I am in the market for a quality AV Receiver. My Yamaha RX-V863 blew up due to a too stiff upgraded power wire that pulled out the IEC socket out of an outboard B&K amp and the terminal on the back of the socket made contact with the chassis and must have sent power through the RCAs into the receiver. This whole issue reared its head because I bought a new 65" LG UHD 4k TV.

It looks like newer AV receivers of most brands have WiFi and bluetooth which are nice, but the amplifier sections are much weaker. The ratings are misleading. For example, they list them as 7 channels and 100 watts/ch, but when you look at the specs it is 100 watts/ch with 2 channels driven. If you look at test reviews, that power drops to 30-35watts/ch at 7 channels driven. That is a big difference. 

So I am looking for recommendations on newer AV receivers or older pre-owned AV receivers. I really don't want to spend more than I have to especially after buying a new TV and stand. I was looking at refurbished Yamahas and Marantz on accessoriesforless.com in the $400 - 800 range. I have read good things about the the Anthem receivers. Their receivers still make good power over all channels and are said to have good sound. I do prefer to have at least 4 or 5 HDMI connections. In a receiver, is 4k pass through/upscalling really that important or will 1080p be just as good?


----------



## miniSQ (Aug 4, 2009)

Old Skewl said:


> I am in the market for a quality AV Receiver. My Yamaha RX-V863 blew up due to a too stiff upgraded power wire that pulled out the IEC socket out of an outboard B&K amp and the terminal on the back of the socket made contact with the chassis and must have sent power through the RCAs into the receiver. This whole issue reared its head because I bought a new 65" LG UHD 4k TV.
> 
> It looks like newer AV receivers of most brands have WiFi and bluetooth which are nice, but the amplifier sections are much weaker. The ratings are misleading. For example, they list them as 7 channels and 100 watts/ch, but when you look at the specs it is 100 watts/ch with 2 channels driven. If you look at test reviews, that power drops to 30-35watts/ch at 7 channels driven. That is a big difference.
> 
> So I am looking for recommendations on newer AV receivers or older pre-owned AV receivers. I really don't want to spend more than I have to especially after buying a new TV and stand. I was looking at refurbished Yamahas and Marantz on accessoriesforless.com in the $400 - 800 range. I have read good things about the the Anthem receivers. Their receivers still make good power over all channels and are said to have good sound. I do prefer to have at least 4 or 5 HDMI connections. In a receiver, is 4k pass through/upscalling really that important or will 1080p be just as good?

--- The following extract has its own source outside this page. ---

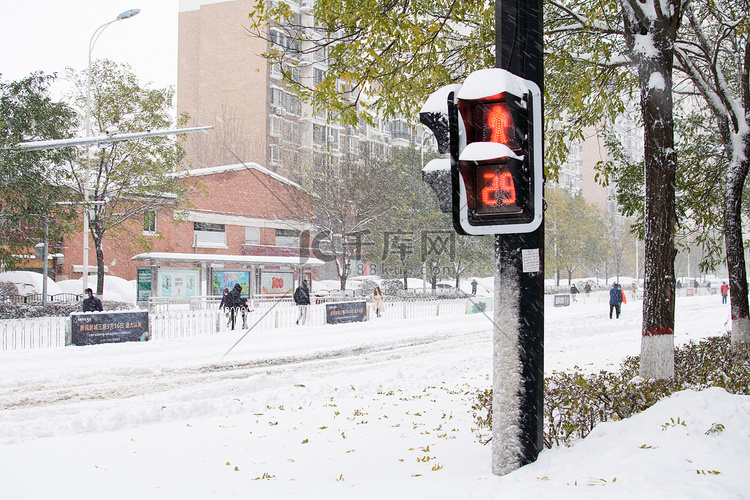 鞍山上午红绿灯路口下雪摄影图配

i bought an A4L refurbed yamaha a few years ago...i went for the AMAHA RX-A3040..but i never use any of the bells and whistles. It has enough power to drive my surround speakers, but if i had a bigger theater style room i would want a lot more power. I replaced a marantz, but if i was buying a new one today i would go back to marantz, i think they have more balls and look better.


----------



## Old Skewl (May 30, 2011)

From what I have read, Denon bought Marantz and they share many components. Some say they have a warmer sound, which may be nice for music, but not sure about the dynamics of HT. I have been happy with my last 2 Yamahas(first one was an RX-V870 destroyed by a lightening strike). But I fear I will be disappointed running on 1/3 of the power. I find myself looking at the RX-A2050 and 3050 for the extra power, but don’t need 9 channels.


----------



## e_in_TN (Jul 18, 2011)

I have installed them all and always go with the Denon units. Denon and Marantz are same thing now just pay 200-300 more for Marantz models. If you can find a good deal on the AVR-X models they have the most install flexibility. Also if looking for more power with a lot of speakers you can bi-amp with most decent receivers.

Make sure it is HDMI 2.0 with HDCP 2.2 compliance, ensures all current signals will pass to you new 4k TV


----------



## kyheng (Jan 31, 2007)

Well, for the normal range of AV amps, all do have lower power ratings when all channels driven. 
And for AV amps that are running HDMIs, it will be worst as if the HDMI board fails, you may kiss the amp goodbye.


----------



## LostnEye (Feb 18, 2016)

e_in_TN said:


> Make sure it is HDMI 2.0 with HDCP 2.2 compliance, ensures all current signals will pass to you new 4k TV


This, 4K HDMI pass through is not the same as HDCP 2.2 compliance and a waste. If you want to use the receiver for HDMI switching and full surround for HT for multiple sources you need the whole enchilada.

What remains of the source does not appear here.